However to date the fundamental principles that define string theory are not really known. Rather there exist five different perturbative descriptions, which are valid in ten dimensional spacetime; that is five sets of rules that tell us how to compute physical quantities order by order in some expansion parameter. It is now widely believed that there is a single underlying eleven dimensional theory, known only as M-theory, that unifies these various perturbative descriptions and will, once it is better understood, provide a complete definition of what string theory is...

Most recently I have be studying ... In general there is a lack of understanding of such inherently time-dependent processes in string theory and progress here promises to teach us a great deal about the fundamental degrees of freedom in string theory.
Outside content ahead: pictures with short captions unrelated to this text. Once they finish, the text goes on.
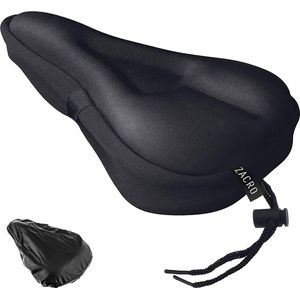 Zadelhoes, gelhoes voor het fietszadel, indoor cycle, zadelhoezen met waterdichte zadelbescherming, perfect voor mannen, vrouwen en kinderen, zwart, 28 cm x 19 cm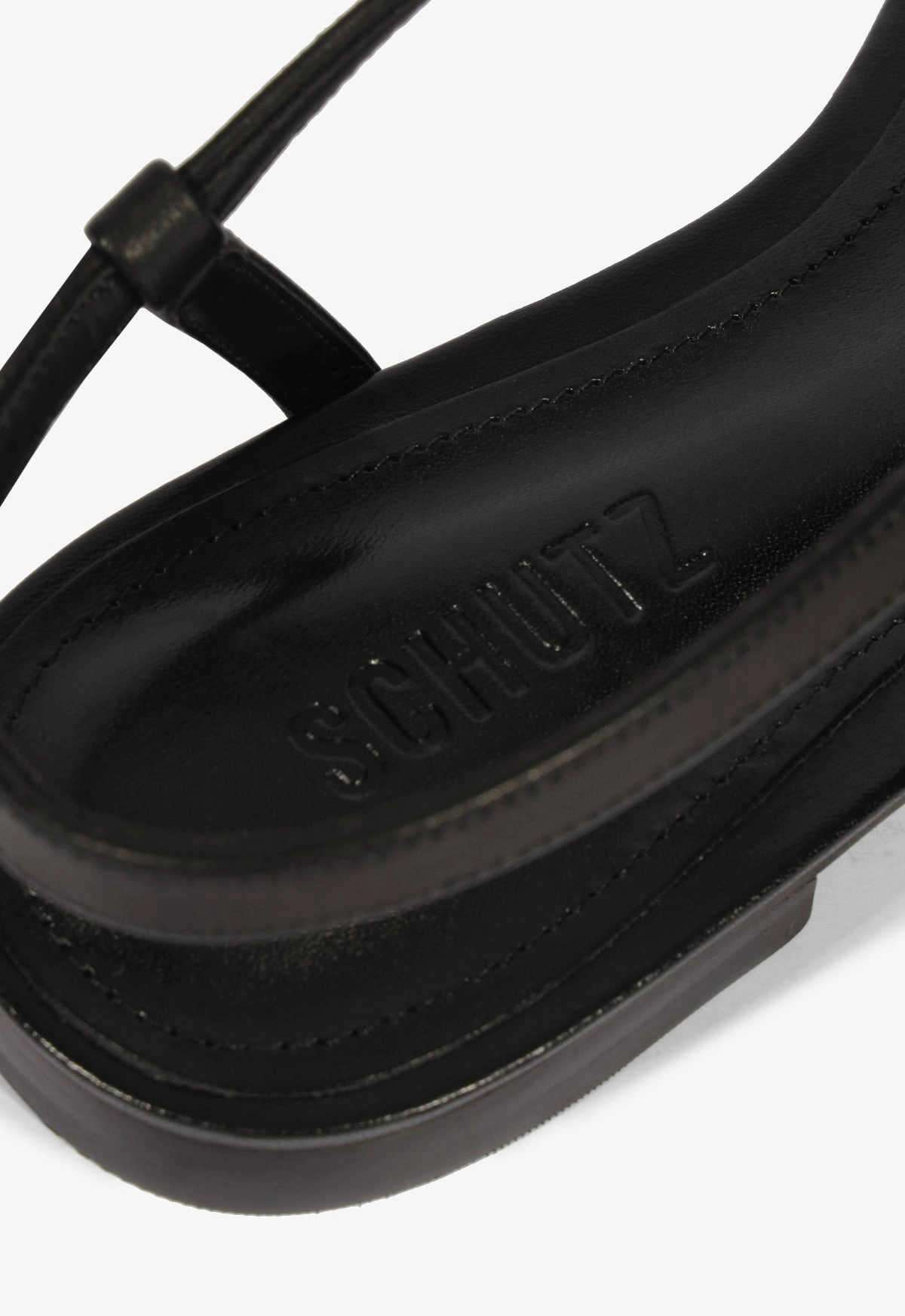 Lisa Black Leather Flat Sandal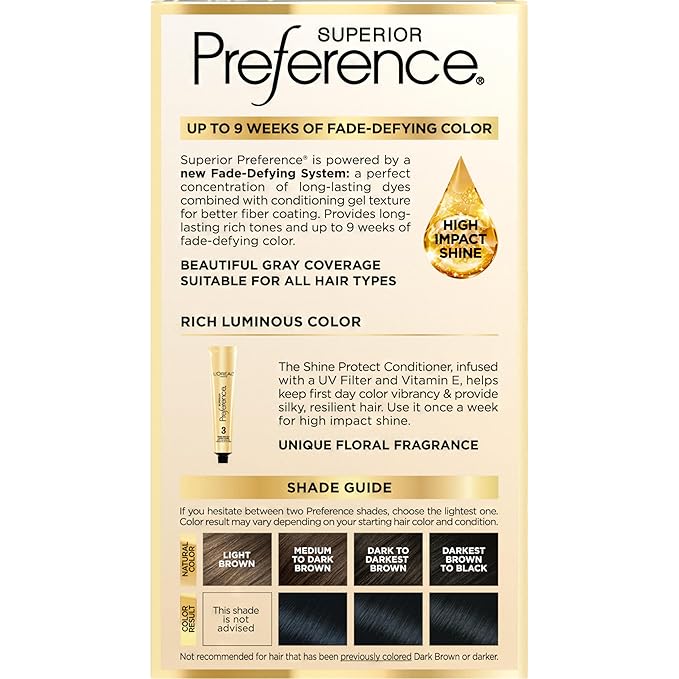 L'Oreal Paris Superior Preference Luminous Fade-Defying Permanent Hair Color, Hair Dye For Up to 9 Weeks of Radiance, 2BL Blue Black, 1 Kit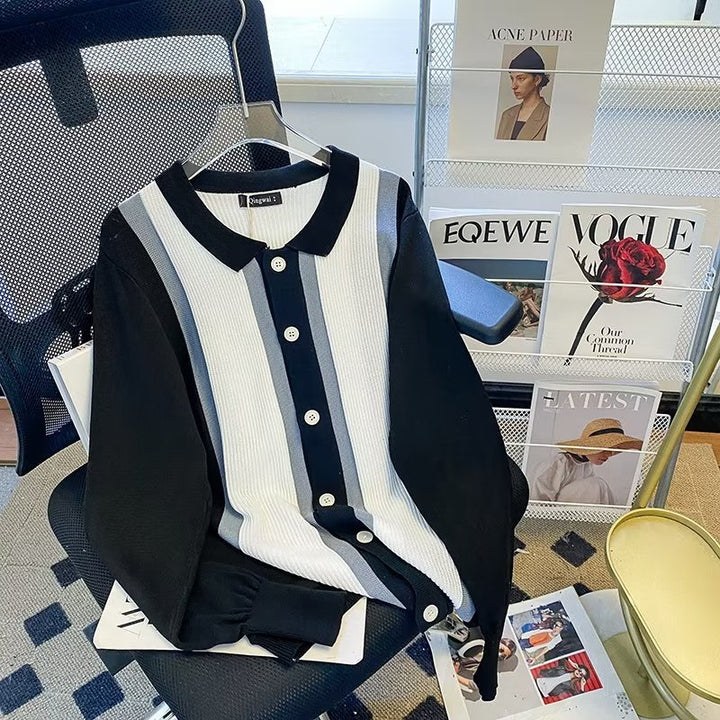 Damen Feinstrick-Cardigan mit Polokragen, kontrastierenden Rippeinsätzen und durchgehender Knopfleiste Echoarchiv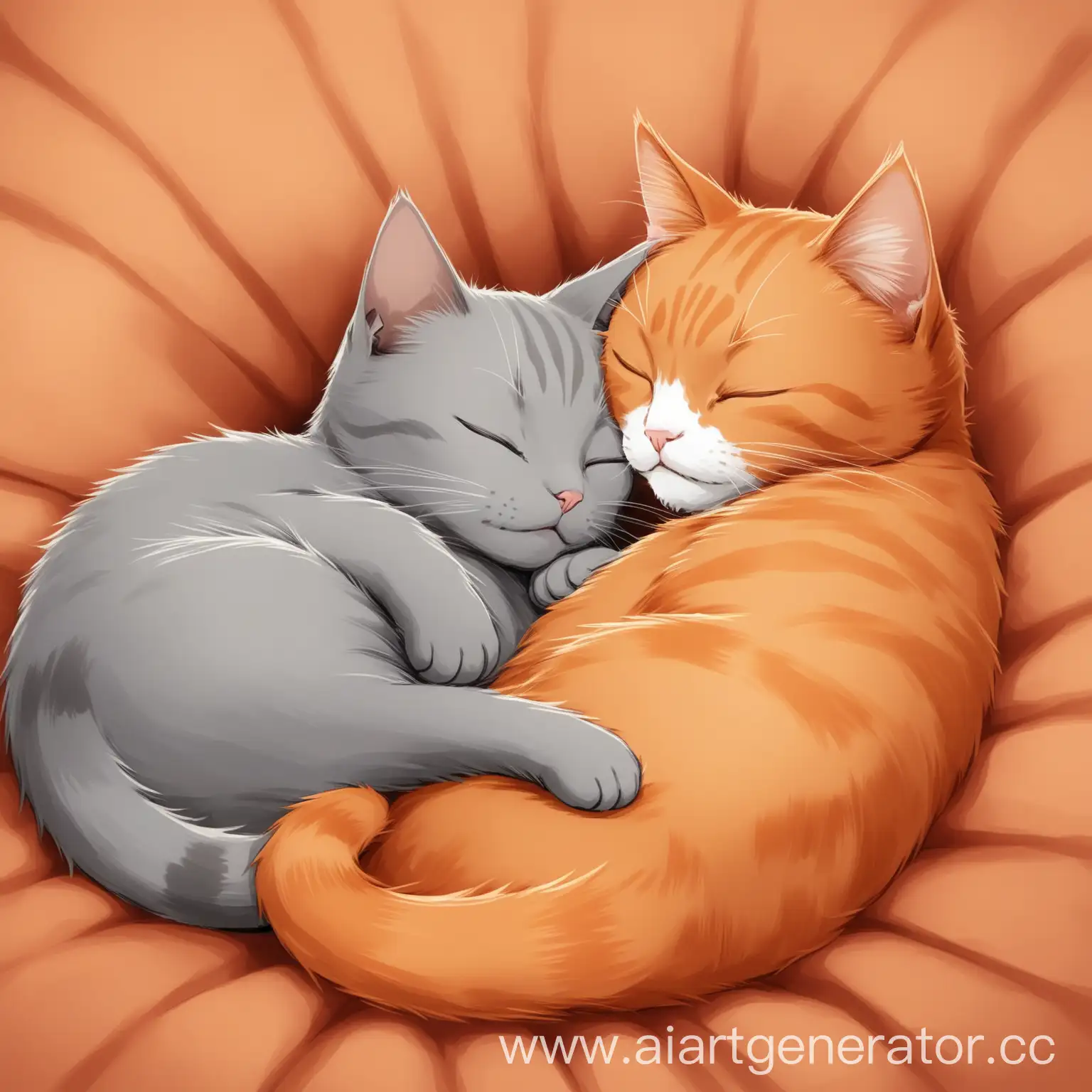 Cuddly-Scene-Ginger-Cat-and-Gray-Cat-Sleeping-Together
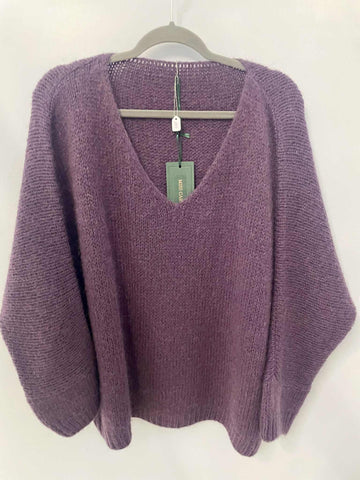 Italian One Size Mohair blend midnight purple jumper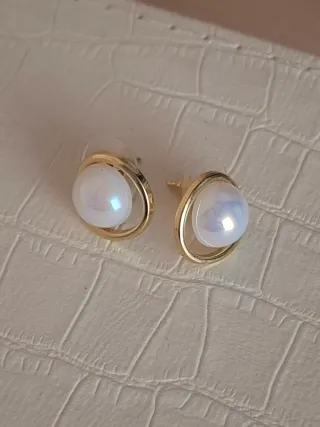 Pendientes aro y Perla Blanca nacarada , Zamak Oro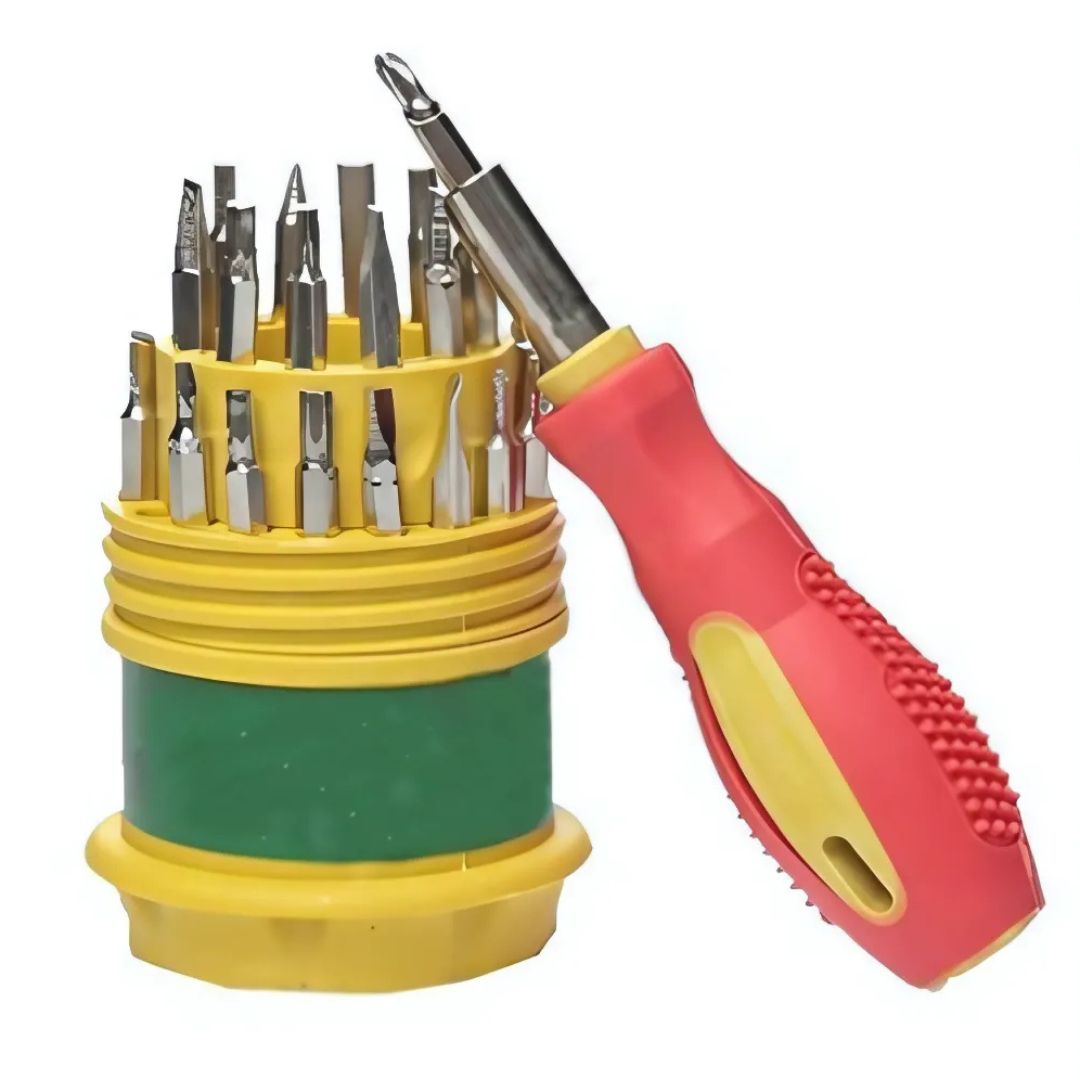JACKLY JK-6036 31-in-1 Precision Screwdriver Set – Multi-Function Magnetic Tool Kit with 30 Interchangeable Stainless Steel Bits for Electronics & Gadget Repair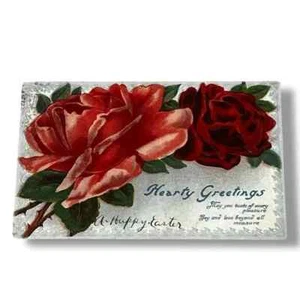 AK Herzliche Grüße Rosen Frohe Ostern um 1910 geprägt geteilter Rücken C417 - Bild 1 von 2
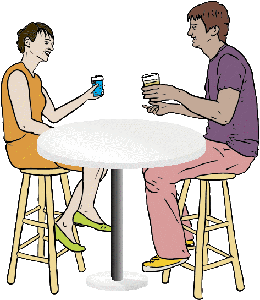 Refreshing conversation and refreshments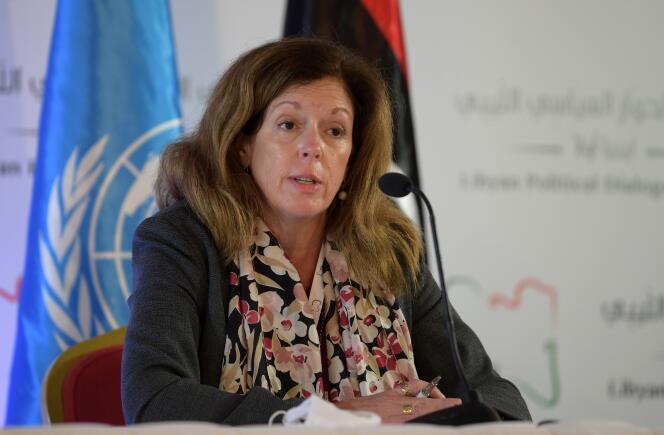 L’émissaire par intérim de l’ONU en Libye, Stephanie Williams, s’exprime lors du Forum de dialogue politique libyen à Tunis (Tunisie), le 9 novembre 2020.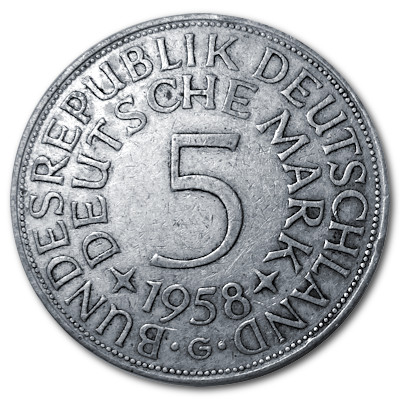 Deutschland 5 DM 1958 7,00g Silber G Vorderseite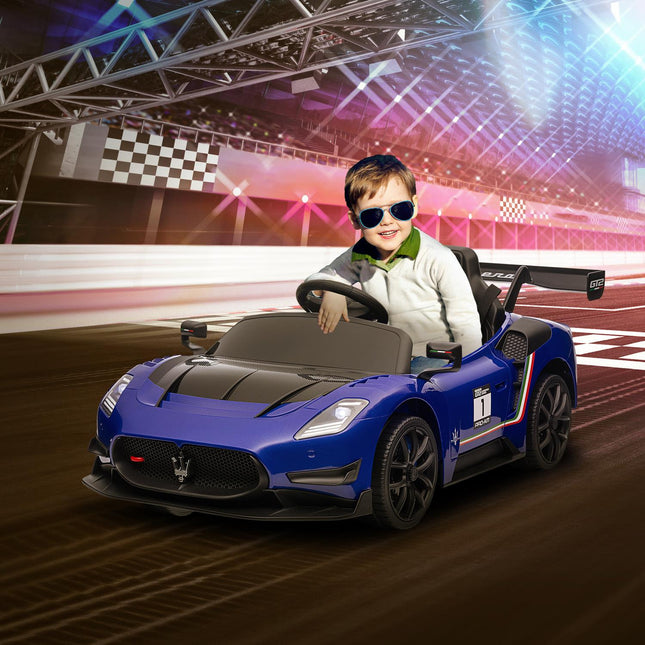 Kinder-Elektroauto 12V mit Fernbedienung, Licht, blau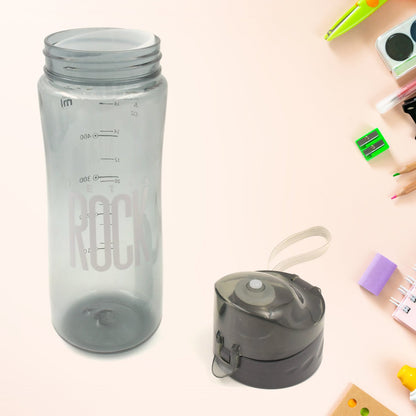 Detail of the secure, leak-proof plastic water bottle and carry case.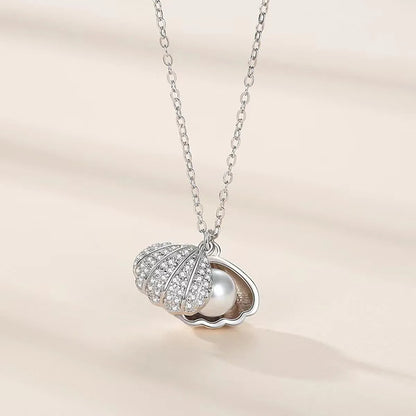 Fashion Shell Titanium Steel Plating Zircon Necklace 1 Piece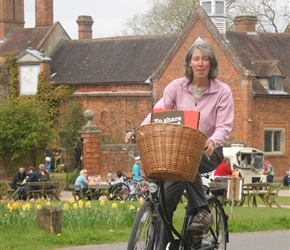 Jo and her shopping basket departs Baddisley Clinton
I am also interested in attempts to find realistic, i.e. inflating, cosmologies from string/M-theory. A curiosity of this particular problem is that string/M-theory tends to predict many different possible universes, some like our own, but some almost unimaginably different. However, for all the myriad of universes that string/M-theory can account for, there is to date no satisfactory model of a cosmologically inflating spacetime.

Although it seems very unlikely that this problem could ever experimentally falsify string theory, it does seems as if the recent advances in cosmological observations could tell us something about how we should think of string theory. For example one may ask questions such as whether or not string theory predicts a unique universe. If so, is it our universe? And if not, how many are there and how many look like ours? Increasingly the first option looks highly unlikely. Therefore we must face up to the second possiblity. This may well raise many "cocktail party" philosophical debates but it also begs the question as to whether or not string theory could ever be developed into predictive scientific theory..."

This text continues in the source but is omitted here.